A group of season ticket holders at Atlanta's Philips Arena can use RFID-enabled cell phones to download video clips and pictures of players—and, eventually, to make purchases.
By Mary Catherine O'Connor
Dec 16, 2005A select group of sports fans at Atlanta's Philips Arena can now use cell phones to do more than call friends to give them play-by-plays. They can also use them to download video clips and pictures of their favorite players—and, starting next month, even buy hot dogs and peanuts. Approximately 250 season ticket holders of the Atlanta Thrashers hockey team and the Atlanta Hawks basketball team have joined a trial of near field communication (NFC) technology. This technology trial uses radio frequency identification to enable phones (and other small personal electronic devices, such as PDAs) to make electronic payments, download or exchange data, or perform other applications.

The trial is underway. Approximately 100 fans have already received an NFC-enabled phone (model 3220) from Nokia, which they can use to download news, graphics (such as pictures of players or wallpaper images) and promotional video clips from specially branded "smart posters" throughout the arena. Passive RFID tags are embedded inside the posters. When a fan holds an NFC-enabled phone within a few inches of the poster, an RFID interrogator embedded in the phone reads a special URL from the tag. The phone's Web browser then opens that URL, allowing the user to select content. This URL is not made available to the general public, so the pilot's participants are the only ones with access to this content. The payment functionality—which will enable fans to use their phones to make purchases by holding them up to RFID payment terminals at the concessionaries—will not be available until January 2006. The trial will last throughout the Thrasher and Hawks seasons.

"The immediate reaction from our fans, when we introduced this trial, was one of shock," says David Lee, vice president of business development for Atlanta Spirit, the parent company of the Atlanta Hawks, Atlanta Thrashers and Philips Arena. "They were shocked that, first, the technology is available to them now and, second, that they would have access to things that are unique and exclusive to them.

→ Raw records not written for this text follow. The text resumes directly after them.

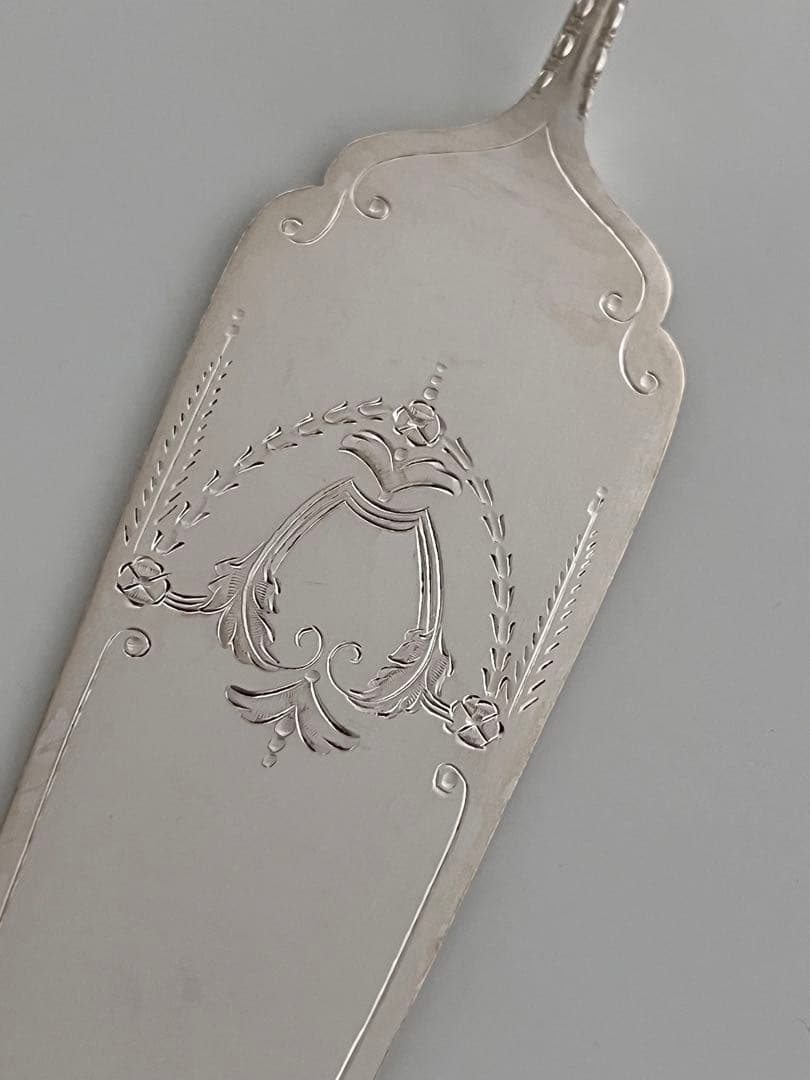 英国銀器　骨董ケーキサーバー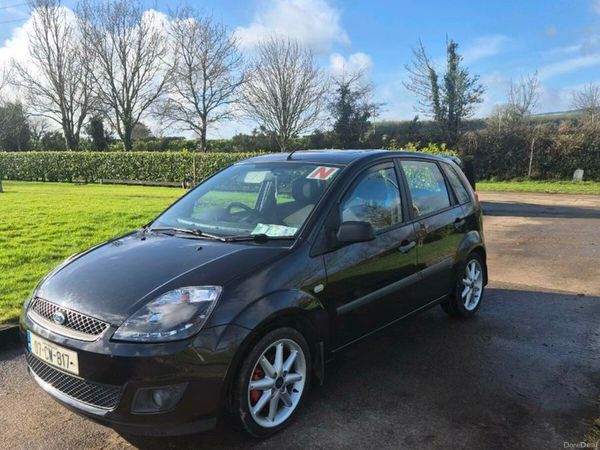 Ford Fiesta Hatchback, Petrol, 2007, Black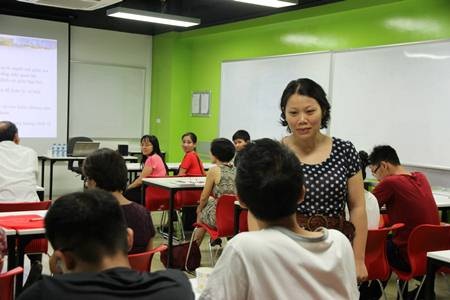 Giải tỏa áp lực mùa thi cùng chuyên gia hàng đầu - 1 PGS.TS Trần Thu Hương giao lưu cùng học sinh trong phần hỏi đáp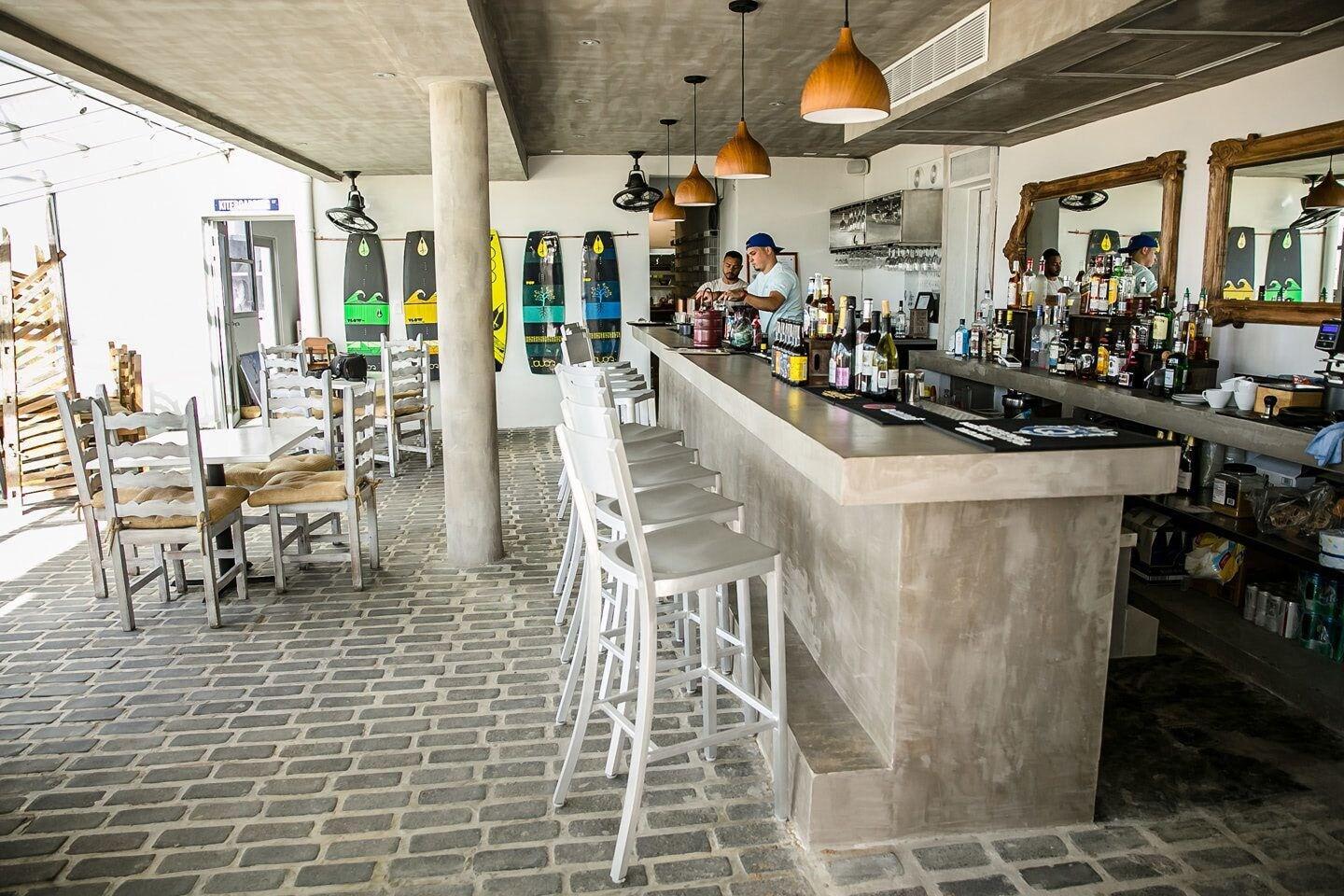 Bar/Salón Numero Uno Beach Apartments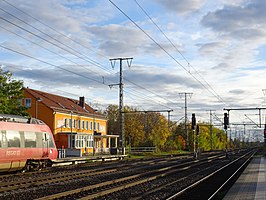 Bahnhof mit Gleisen, Bahnsteigenund früherem Empfangsgebäude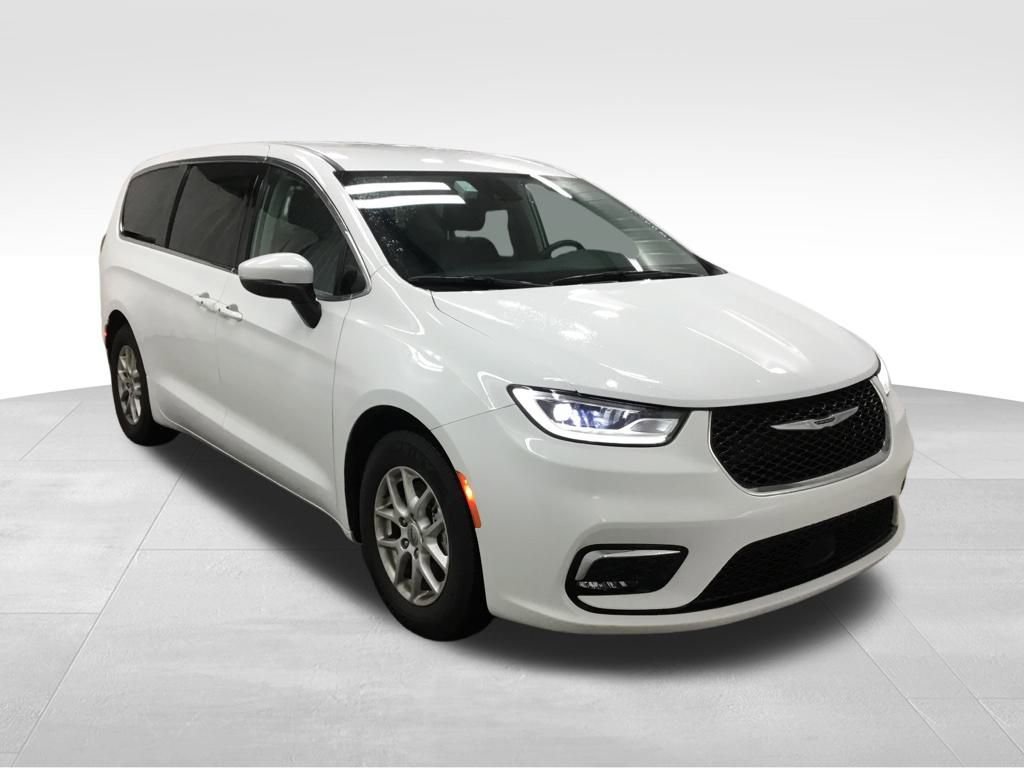 Used 2023 Chrysler Pacifica Touring-L image 3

"Our goal is to give our fans ways to expand upon their experience with us while they're in the arena, and even outside our four walls," he says. "And we're getting direct feedback from the fans. They're saying 'this is great, and this is what I'd also like to see,' and this is helping us with our development."

The Nokia phones are fitted with a shell containing Philips' NFC chip (enabling the phone to transmit and receive data over radio frequency) and Smart MX microchip (which securely stores payment data and is used to process financial transactions). The participants must have a Visa credit card account through a Chase bank in order to use the phones to make payments.